The report cites Warsh's recent remarks:
"In the summer and fall of 2010, during a period of strong economic growth and financial stability, I was extremely concerned that the decision to purchase more government bonds would entangle the Fed in the complex political affairs of fiscal policy. The second round of quantitative easing was introduced, and I disagreed with that decision, shortly thereafter resigning from the Fed."
Warsh further believes that the Fed's active use of its balance sheet may have ushered in a "monetary-dominated" era. He argues that by artificially keeping interest rates low for an extended period, the Fed has played a leading role in facilitating the accumulation of U.S. government debt.
Warsh's Criticism of Other Policies
In addition to the balance sheet, Warsh has also criticized the Fed on multiple fronts.
For example, he believes the Fed relies too heavily on data and lacks foresight, while also criticizing the Fed's routine use of forward guidance. He recently pointed out:
"Forward guidance, a tool that was prominently introduced during the financial crisis, has almost no effect during normal times."
Warsh has also questioned other aspects of the Fed's formulation and interpretation of monetary policy, including the erroneous belief that "monetary policy is unrelated to money," "black box DSGE models are grounded in reality," and "Putin and the pandemic are responsible for inflation, rather than government spending and the surge in money printing."
The report analyzes that these criticisms imply that Warsh hopes to focus more on the size of the Fed's balance sheet and money supply in the execution of monetary policy, and may seek comprehensive reforms of the Fed's research team.
Finally, while he describes the Fed's independence as a "valuable" endeavor, he also believes that the Fed itself has invited questions about its independence. Warsh pointed out:
"The Fed's oversized role and poor performance have weakened the important and valuable rationale for monetary policy independence."
Additionally, Warsh condemns the Fed's mission creep, including considerations of climate and inclusivity issues.
Recent Policy Impact Outlook
Although Warsh has recently advocated for rate cuts, Deutsche Bank believes he is structurally not dovish.
His views during his tenure as a governor during the global financial crisis were sometimes more hawkish than his colleagues, especially on balance sheet issues. Recently, he expressed opposition to the Fed's decision to cut rates by 50 basis points last September.
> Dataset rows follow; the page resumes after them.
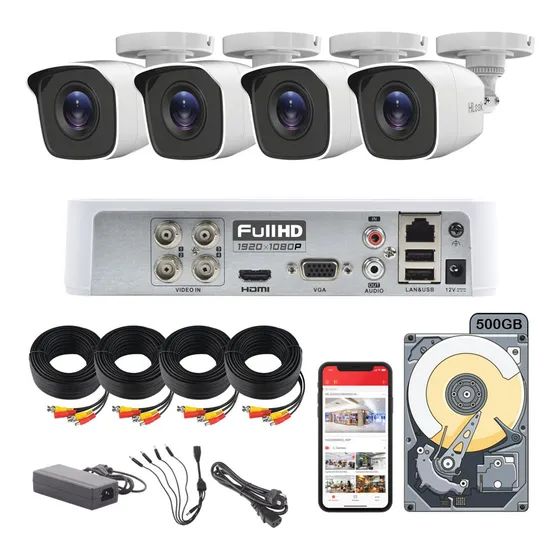 Kit Circuito Cerrado Hikvision HiLook Dvr 4 Canales 4 Cámaras 1080p 2MP Full HD Cables Coaxial 18mts + Disco Duro 500GB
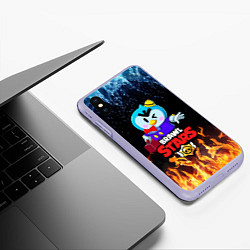 Чехол iPhone XS Max матовый BRAWL STARS MRP, цвет: 3D-светло-сиреневый — фото 2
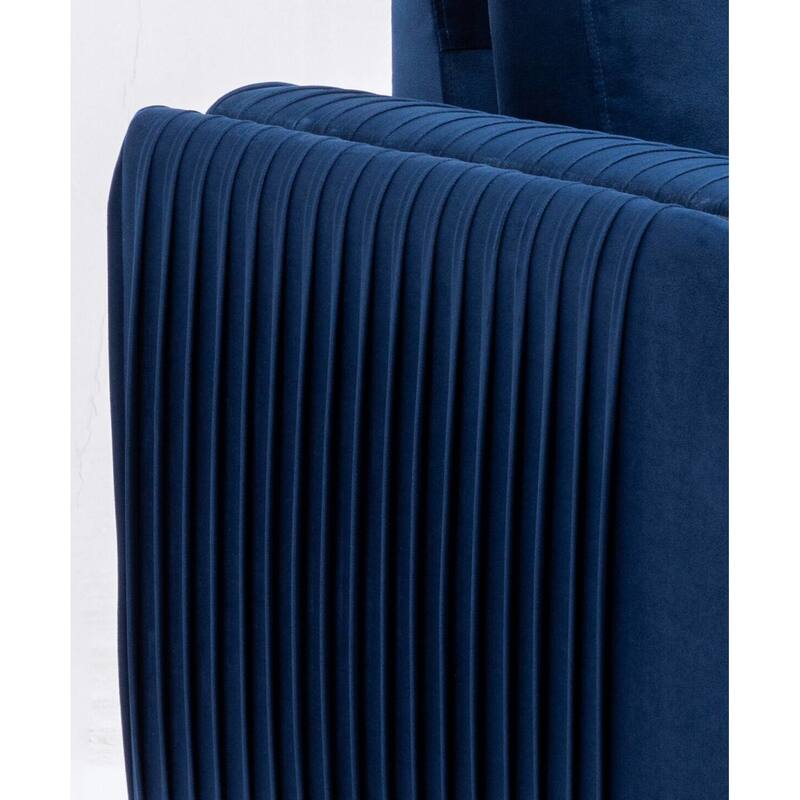 Blue Modern 38" Velvet Upholstered Accent Chair with Polished Chrome Trim Legs and Vertical Pleated Design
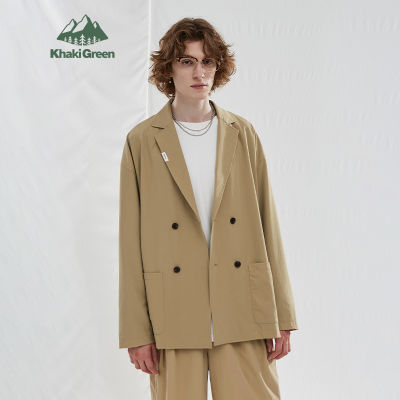 Inflasi เสื้อสูทสีกากี Besar คู่-Breasted Lelaki Jaket Streetwear Jepun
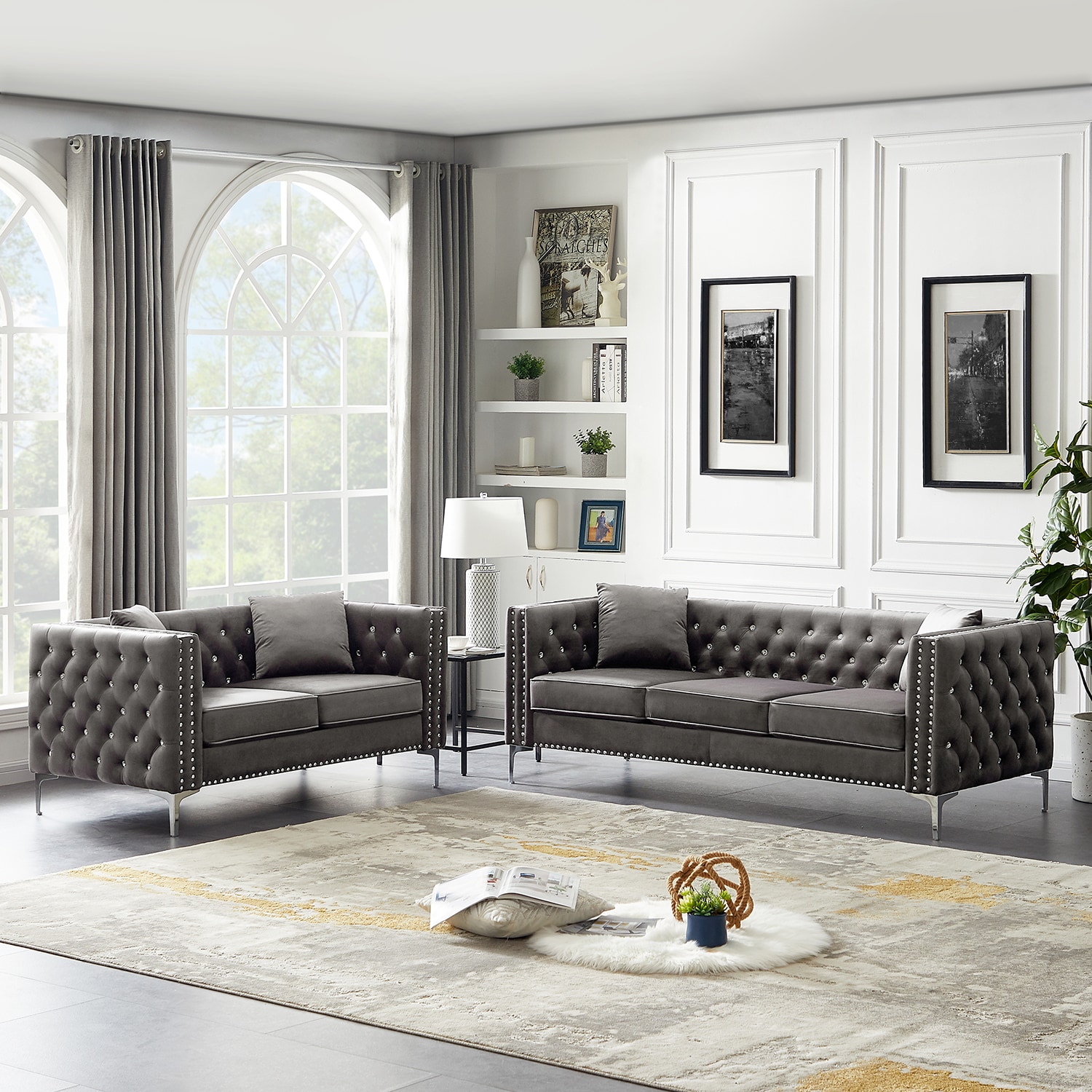 SINOFURN SYA020142GY Coastal 2 -Piece Velvet Gray Living Room Set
In terms of policy decision-making, Warsh's recent remarks suggest he may support lowering the policy rate, although this move may come at the cost of reducing the size of the bank's balance sheet.
However, given that reserves are already at ample levels and the Fed has recently restarted its reserve management purchase program, this trade-off would only be feasible if regulatory reforms lower banks' reserve requirements.
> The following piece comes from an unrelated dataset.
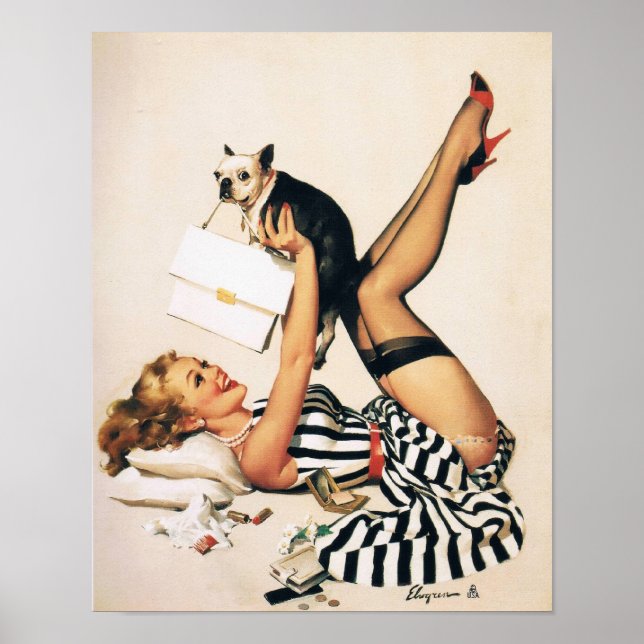 Puppy Lover Pin-up Girl - Retro Pinup Art Poster (Front)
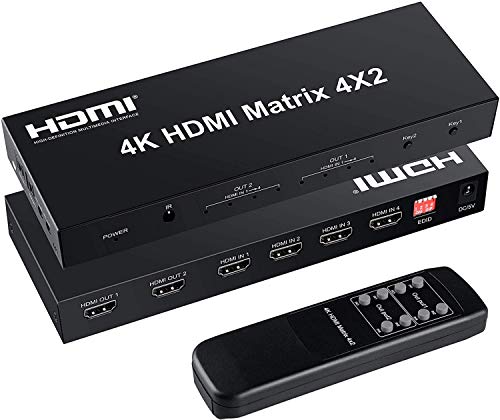 4x2 HDMI Matrix Switch, 4 in 2 Out Matrix HDMI Video Switcher Splitter + Optical & L/R Audio Output, Support Ultra HD 4K,3D 1080P, Audio EDID Extractor with IR Remote Control | HDMI Matrix Switch Supports Audio Extractor, Auto Downscaler, HDMI2.0, HDCP2.2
While several Fed officials, including Vice Chair Bowman and Governor Milan, have recently made this argument, it is unclear whether these changes are realistic in the short term.
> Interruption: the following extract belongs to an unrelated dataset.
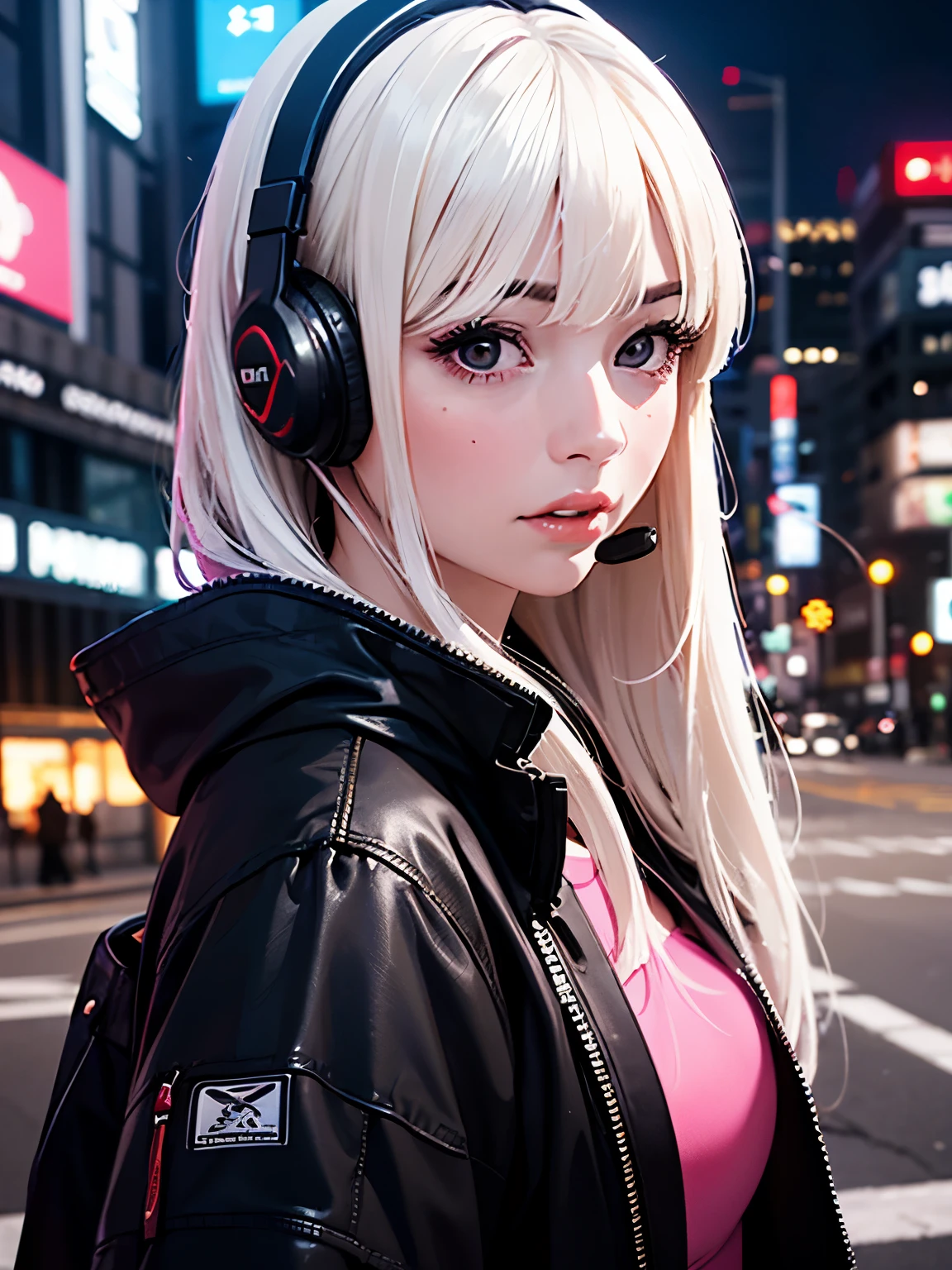 (best quality,realistic,ultra-detailed:1.2),portrait,white hair,long hair,techwear masterpiece,dark purple jacket,detailed eyes,platinum hair,21-year-old girl,fashion pose,wearing a headset,wide shot,on the street,cyberpunk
The report concludes that, from a broader perspective, regardless of whom President Trump chooses, the market may test the independence of the next Federal Reserve Chair and the credibility of their commitment to achieving inflation targets.
Deutsche Bank emphasizes that the new chair will always need to earn this trust. Given Trump's demand for significant rate cuts from the Fed, this demand may be more urgent.
Therefore, Deutsche Bank is skeptical about whether there will be substantial changes in policy after the leadership transition at the Fed in June, especially since the new chair only has one vote in a particularly divided committee.